[Opening Supplied records section]

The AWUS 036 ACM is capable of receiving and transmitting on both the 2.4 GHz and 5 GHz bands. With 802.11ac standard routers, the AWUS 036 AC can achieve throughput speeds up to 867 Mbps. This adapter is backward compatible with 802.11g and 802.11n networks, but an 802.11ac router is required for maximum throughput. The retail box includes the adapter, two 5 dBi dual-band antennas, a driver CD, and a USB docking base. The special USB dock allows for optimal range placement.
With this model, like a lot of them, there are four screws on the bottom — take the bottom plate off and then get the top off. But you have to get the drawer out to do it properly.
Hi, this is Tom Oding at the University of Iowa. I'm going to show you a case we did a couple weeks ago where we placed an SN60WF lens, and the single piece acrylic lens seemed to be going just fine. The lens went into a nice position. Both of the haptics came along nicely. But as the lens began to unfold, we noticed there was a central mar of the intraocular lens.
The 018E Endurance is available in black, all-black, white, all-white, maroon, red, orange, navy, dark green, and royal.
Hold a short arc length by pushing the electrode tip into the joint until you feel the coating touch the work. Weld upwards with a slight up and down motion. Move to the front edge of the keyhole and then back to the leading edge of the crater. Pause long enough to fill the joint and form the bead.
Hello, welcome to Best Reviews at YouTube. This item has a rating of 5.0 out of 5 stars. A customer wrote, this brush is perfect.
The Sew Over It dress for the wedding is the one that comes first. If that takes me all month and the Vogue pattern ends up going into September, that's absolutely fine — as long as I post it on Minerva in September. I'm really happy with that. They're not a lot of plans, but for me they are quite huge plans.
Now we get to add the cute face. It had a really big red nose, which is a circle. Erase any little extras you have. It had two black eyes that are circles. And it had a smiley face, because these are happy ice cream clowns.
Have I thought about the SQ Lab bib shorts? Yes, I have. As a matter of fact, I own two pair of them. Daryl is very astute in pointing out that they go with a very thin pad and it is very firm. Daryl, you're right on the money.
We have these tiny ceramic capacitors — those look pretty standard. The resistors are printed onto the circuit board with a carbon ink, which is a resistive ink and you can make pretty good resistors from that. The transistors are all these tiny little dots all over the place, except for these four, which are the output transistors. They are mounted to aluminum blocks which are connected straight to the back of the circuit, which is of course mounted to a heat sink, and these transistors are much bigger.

[Closing Supplied records section]

Work request: Now copy each line of the entries that mentions "them".

Response to this exercise:
With this model, like a lot of them, there are four screws on the bottom — take the bottom plate off and then get the top off. But you have to get the drawer out to do it properly.
Have I thought about the SQ Lab bib shorts? Yes, I have. As a matter of fact, I own two pair of them. Daryl is very astute in pointing out that they go with a very thin pad and it is very firm. Daryl, you're right on the money.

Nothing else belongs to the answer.